相撲ファンにも必ず、自分の人生に大きな感動と勇気を与えてくれた飛び切りの「一枚」というものがある――。
本企画では、写真や絵、書に限らず雑誌の表紙、ポスターに至るまで、各界の幅広い層の方々に、自身の心の支え、転機となった相撲にまつわる奇跡的な「一枚」をご披露いただく。
※月刊『相撲』に連載中の「私の“奇跡の一枚”」を一部編集。平成24年3月号掲載の第2回から、毎週火曜日に公開します。

少年に心開いた超人

栃・若と柏・鵬時代のはざまで活躍した偉丈夫に、朝潮太郎(4代)という魅力的な横綱(46代)がいた。

奄美の徳之島出身で眉毛や体毛が濃く、南方風の大ぶりのハンサム。まさに相撲を取るために生まれてきたような胴長短足の巨体で、立ち合いから鶏を追うように相手を油断なく追い、左ハズ右上手で捕まえ、土俵外に運ぶ取り口。しかし、鬼のように強いときと、嘘のようにもろいときのムラがあり、その落差がまた人々に愛された。

大阪の地が肌に合って、春場所の優勝が多く(5回中4回)、3回を重ねるに至って「大阪太郎」の異名が奉られた。

その容貌、相撲ともに老若男女に、人気があったお相撲さん。しかし、その土俵上を見ている分にはいいが、少年たちが直接会うには、やはり近づきがたい、超人的なイメージがあったことも事実。

少年たちとの触れ合い

当時の相撲界は、まだそれほど世間にフレンドリーな社会ではなかった。そんな中でお相撲さん側から、ファンに向かって積極的に心を開いて見せたのが、朝潮だった。

その師匠の高砂親方(元横綱前田山)が新しもの好きの的な人だったこともあるのだろうが、本職の相撲を離れた映画(東宝『日本誕生』の手力男命<たぢからおのみこと>役)への出演などもいとわなかった。相撲界から、当時続々と登場した少年週刊雑誌の表紙モデルとなった嚆矢も、朝潮である。

昔からお相撲さんは、子どもたちにとって「気は優しくて力持ち」の存在だった。それだけに子どもたちは憧れの力士たちに触れることを喜び、普段愛想なしの力士も土俵で豆力士相手に懸命にサービスしてくれたものだ。

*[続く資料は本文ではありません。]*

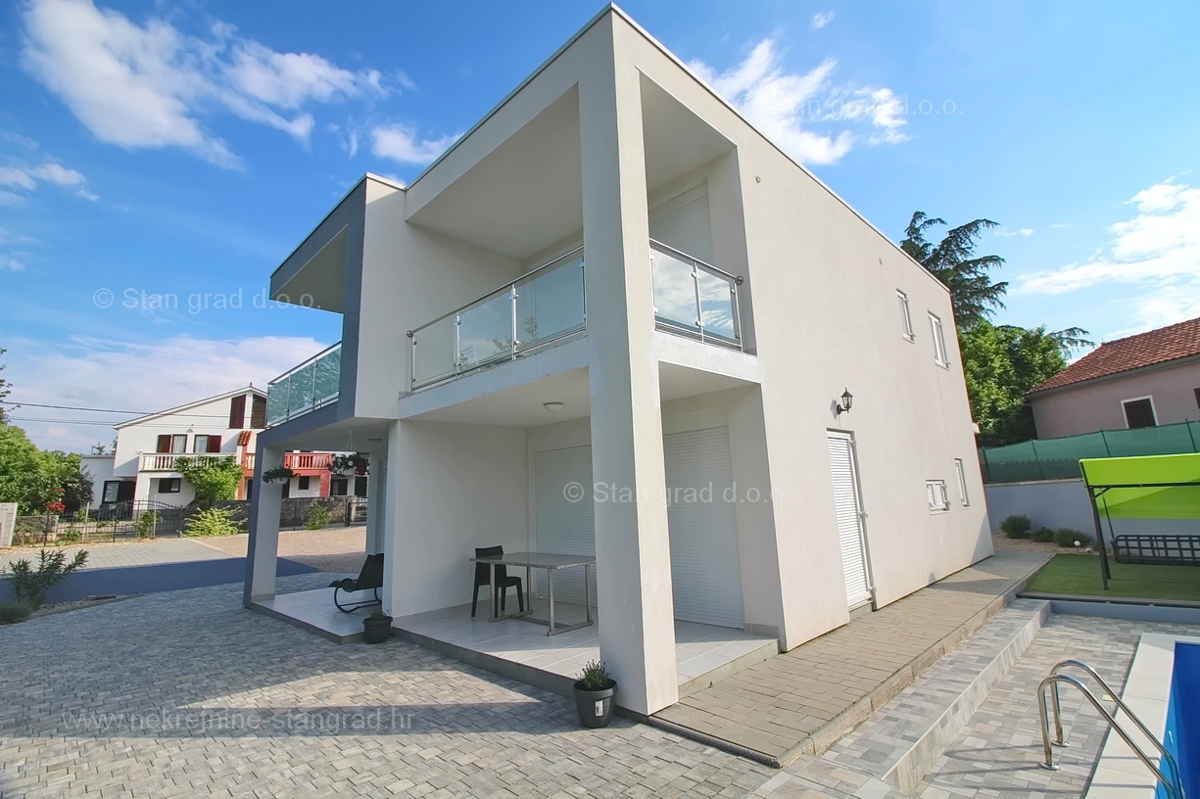 Malinska, dvoetažni apartma z bazenom na mirni lokaciji!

最近は、もしも子どもケガしたらなどの心配や、プログラム消化の都合から巡業での少年たちとの触れ合いがほとんどなくなっているそうだが、大変残念なことである。

そんなことから、朝潮ファンだったことを誇りに私が今でも大事にしている写真を皆さんにご紹介したい。

映画の一シーンのようなきれいなショットだが、少年たちの相撲大会で、行司を務める豪力無双の朝潮である。

取組を優しく見極めたあと、あのぶっとい声であげた勝ち名乗り。受けた少年の喜びはいかばかりだったろうか。その姿を後方で見詰める少年たちの目のなんと生き生きしていることだろう!

これは多分に冗談だが、どんなに際どい勝負の判定だったとしても、“最強の行司”の権威ある判定である。物言いなど誰も付けられるわけがない。

余談ついでに、その昔、プロレスで力道山がレフリーをやり、行儀の悪いレスラーにはあの空手チョップを揮うなどして、試合の主導権をがっちり握ってリードしていた貫禄の審判ぶりが、子ども心に痛快だったことを思い出す。

力士をはじめ大人相手に貫禄を見せるばかりが横綱の在るべき姿ではない。引っ張りだこのチケットに向き合うことはもちろん必要だが、少年ファンに対する朝潮のような優しさとサービス精神は絶対に忘れてはならないと思う。

このコロナ禍時代にあたり、子どもたちと力士たちの一日も早いほほえましい触れ合いの復活を望むものである。